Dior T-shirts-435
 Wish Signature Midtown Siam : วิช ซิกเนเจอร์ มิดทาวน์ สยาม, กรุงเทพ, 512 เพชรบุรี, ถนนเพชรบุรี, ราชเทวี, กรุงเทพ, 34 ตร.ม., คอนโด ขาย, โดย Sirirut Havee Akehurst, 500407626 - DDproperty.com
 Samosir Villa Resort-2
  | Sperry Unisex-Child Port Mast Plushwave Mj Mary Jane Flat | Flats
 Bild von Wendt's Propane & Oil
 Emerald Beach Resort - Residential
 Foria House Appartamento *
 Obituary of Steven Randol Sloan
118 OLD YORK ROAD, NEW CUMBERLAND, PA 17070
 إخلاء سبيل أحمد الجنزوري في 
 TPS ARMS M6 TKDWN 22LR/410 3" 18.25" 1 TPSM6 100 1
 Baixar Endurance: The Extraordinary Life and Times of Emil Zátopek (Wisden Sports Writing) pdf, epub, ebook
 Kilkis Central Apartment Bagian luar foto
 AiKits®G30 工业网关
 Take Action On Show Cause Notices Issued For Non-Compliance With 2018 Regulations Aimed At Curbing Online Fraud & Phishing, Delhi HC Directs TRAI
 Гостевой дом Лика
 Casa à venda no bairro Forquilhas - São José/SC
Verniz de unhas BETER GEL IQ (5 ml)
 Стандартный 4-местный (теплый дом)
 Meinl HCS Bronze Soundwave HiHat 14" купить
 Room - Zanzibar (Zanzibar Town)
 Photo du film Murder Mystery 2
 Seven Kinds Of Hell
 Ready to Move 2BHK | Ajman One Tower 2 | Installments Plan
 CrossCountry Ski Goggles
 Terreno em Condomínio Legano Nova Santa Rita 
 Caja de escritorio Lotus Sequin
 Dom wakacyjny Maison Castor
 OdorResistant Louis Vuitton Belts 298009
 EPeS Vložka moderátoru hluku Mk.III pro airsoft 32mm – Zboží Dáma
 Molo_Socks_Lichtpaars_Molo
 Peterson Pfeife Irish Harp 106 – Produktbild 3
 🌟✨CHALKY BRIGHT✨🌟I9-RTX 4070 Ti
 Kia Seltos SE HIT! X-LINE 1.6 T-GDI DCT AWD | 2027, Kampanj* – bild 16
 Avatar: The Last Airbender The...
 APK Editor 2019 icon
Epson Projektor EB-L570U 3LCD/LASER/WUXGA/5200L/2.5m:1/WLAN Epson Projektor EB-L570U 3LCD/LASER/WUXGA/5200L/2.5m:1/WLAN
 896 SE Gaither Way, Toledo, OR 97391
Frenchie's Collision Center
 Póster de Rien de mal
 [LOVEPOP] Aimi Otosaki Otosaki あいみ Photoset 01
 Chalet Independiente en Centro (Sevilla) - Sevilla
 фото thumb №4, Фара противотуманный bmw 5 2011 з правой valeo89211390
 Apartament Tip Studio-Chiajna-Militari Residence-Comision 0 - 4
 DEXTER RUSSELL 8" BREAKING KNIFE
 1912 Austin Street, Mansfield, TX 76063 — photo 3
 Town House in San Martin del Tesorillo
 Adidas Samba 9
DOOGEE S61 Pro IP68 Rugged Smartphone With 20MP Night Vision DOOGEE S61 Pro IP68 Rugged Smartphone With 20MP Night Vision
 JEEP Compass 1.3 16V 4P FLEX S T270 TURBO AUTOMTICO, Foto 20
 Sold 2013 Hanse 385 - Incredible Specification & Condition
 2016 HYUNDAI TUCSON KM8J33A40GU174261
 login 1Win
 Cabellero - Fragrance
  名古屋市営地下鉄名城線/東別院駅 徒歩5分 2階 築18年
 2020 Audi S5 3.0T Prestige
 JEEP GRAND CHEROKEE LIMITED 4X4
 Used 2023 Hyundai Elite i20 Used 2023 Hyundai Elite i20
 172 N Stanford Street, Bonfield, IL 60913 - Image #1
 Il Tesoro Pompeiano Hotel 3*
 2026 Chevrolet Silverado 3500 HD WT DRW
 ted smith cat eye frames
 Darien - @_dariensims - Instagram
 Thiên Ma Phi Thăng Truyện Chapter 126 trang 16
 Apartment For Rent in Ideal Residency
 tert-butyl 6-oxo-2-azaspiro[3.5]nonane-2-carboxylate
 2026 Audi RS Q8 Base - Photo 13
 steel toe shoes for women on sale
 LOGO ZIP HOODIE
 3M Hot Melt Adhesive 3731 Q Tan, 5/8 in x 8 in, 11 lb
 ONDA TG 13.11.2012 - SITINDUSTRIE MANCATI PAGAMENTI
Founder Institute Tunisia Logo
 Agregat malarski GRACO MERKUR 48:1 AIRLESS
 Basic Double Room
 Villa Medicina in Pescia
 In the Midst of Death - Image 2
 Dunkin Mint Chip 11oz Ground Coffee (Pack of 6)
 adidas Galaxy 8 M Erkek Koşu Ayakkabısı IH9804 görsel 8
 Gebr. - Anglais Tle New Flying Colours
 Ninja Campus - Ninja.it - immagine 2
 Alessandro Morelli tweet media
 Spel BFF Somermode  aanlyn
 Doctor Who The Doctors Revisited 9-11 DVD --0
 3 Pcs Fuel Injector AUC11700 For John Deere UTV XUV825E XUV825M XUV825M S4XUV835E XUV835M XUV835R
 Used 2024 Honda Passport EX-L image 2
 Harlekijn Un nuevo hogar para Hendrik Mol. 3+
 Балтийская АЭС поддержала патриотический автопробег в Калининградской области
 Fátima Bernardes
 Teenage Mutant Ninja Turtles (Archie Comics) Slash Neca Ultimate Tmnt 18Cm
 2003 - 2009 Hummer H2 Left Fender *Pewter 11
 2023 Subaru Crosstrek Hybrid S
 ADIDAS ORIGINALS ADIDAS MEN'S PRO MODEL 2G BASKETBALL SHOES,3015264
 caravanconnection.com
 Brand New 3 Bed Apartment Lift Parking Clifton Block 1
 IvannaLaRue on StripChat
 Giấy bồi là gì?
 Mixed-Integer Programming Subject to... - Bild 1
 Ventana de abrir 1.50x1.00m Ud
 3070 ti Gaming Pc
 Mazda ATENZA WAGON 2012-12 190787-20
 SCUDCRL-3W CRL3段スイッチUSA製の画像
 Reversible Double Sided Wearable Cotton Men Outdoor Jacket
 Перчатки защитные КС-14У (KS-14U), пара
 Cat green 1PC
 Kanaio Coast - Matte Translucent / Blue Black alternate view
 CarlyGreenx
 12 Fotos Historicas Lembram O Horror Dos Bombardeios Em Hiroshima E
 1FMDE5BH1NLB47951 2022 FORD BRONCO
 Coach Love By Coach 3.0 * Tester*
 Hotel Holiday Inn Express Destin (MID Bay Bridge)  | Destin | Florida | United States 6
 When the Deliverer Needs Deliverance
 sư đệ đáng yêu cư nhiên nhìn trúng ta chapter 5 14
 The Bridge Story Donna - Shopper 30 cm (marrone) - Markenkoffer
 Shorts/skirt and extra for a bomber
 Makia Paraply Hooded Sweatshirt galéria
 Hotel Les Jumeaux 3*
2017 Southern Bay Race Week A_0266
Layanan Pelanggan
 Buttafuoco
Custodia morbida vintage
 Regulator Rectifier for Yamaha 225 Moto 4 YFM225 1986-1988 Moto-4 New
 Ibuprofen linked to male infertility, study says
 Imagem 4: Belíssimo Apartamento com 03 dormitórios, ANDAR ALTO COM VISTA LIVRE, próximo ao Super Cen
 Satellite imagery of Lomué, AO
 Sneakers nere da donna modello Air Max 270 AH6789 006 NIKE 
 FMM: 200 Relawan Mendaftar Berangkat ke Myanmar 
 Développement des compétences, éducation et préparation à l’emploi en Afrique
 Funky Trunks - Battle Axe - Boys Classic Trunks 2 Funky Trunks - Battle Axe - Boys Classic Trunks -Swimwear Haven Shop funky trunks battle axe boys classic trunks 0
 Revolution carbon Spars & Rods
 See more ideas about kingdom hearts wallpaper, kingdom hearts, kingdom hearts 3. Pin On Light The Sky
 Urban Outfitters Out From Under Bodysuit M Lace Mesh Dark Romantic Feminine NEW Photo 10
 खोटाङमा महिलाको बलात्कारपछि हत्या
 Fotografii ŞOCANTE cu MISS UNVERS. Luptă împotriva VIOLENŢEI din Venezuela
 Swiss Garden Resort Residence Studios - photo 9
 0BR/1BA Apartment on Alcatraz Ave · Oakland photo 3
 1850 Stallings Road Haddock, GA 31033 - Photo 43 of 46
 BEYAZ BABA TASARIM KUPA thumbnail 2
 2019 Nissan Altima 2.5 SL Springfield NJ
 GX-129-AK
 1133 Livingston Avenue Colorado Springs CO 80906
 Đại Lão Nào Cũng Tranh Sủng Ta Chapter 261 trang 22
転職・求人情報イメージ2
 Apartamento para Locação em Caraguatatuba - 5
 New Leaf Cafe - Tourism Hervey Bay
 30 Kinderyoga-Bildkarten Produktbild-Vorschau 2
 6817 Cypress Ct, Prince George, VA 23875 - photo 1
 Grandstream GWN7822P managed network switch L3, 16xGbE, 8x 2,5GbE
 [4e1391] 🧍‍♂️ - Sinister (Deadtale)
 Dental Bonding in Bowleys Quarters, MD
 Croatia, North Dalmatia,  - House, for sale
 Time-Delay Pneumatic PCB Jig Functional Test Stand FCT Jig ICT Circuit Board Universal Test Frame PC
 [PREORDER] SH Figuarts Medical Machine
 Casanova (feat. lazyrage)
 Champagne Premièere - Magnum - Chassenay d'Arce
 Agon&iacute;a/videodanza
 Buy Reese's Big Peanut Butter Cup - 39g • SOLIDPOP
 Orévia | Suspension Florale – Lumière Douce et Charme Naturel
-=-=-
What you will do. The output must consist solely of the lines from the first line of the records through the line containing "EPeS Vložka moderátoru", reproduced exactly.

Solution for this problem.
Dior T-shirts-435
 Wish Signature Midtown Siam : วิช ซิกเนเจอร์ มิดทาวน์ สยาม, กรุงเทพ, 512 เพชรบุรี, ถนนเพชรบุรี, ราชเทวี, กรุงเทพ, 34 ตร.ม., คอนโด ขาย, โดย Sirirut Havee Akehurst, 500407626 - DDproperty.com
 Samosir Villa Resort-2
  | Sperry Unisex-Child Port Mast Plushwave Mj Mary Jane Flat | Flats
 Bild von Wendt's Propane & Oil
 Emerald Beach Resort - Residential
 Foria House Appartamento *
 Obituary of Steven Randol Sloan
118 OLD YORK ROAD, NEW CUMBERLAND, PA 17070
 إخلاء سبيل أحمد الجنزوري في 
 TPS ARMS M6 TKDWN 22LR/410 3" 18.25" 1 TPSM6 100 1
 Baixar Endurance: The Extraordinary Life and Times of Emil Zátopek (Wisden Sports Writing) pdf, epub, ebook
 Kilkis Central Apartment Bagian luar foto
 AiKits®G30 工业网关
 Take Action On Show Cause Notices Issued For Non-Compliance With 2018 Regulations Aimed At Curbing Online Fraud & Phishing, Delhi HC Directs TRAI
 Гостевой дом Лика
 Casa à venda no bairro Forquilhas - São José/SC
Verniz de unhas BETER GEL IQ (5 ml)
 Стандартный 4-местный (теплый дом)
 Meinl HCS Bronze Soundwave HiHat 14" купить
 Room - Zanzibar (Zanzibar Town)
 Photo du film Murder Mystery 2
 Seven Kinds Of Hell
 Ready to Move 2BHK | Ajman One Tower 2 | Installments Plan
 CrossCountry Ski Goggles
 Terreno em Condomínio Legano Nova Santa Rita 
 Caja de escritorio Lotus Sequin
 Dom wakacyjny Maison Castor
 OdorResistant Louis Vuitton Belts 298009
 EPeS Vložka moderátoru hluku Mk.III pro airsoft 32mm – Zboží Dáma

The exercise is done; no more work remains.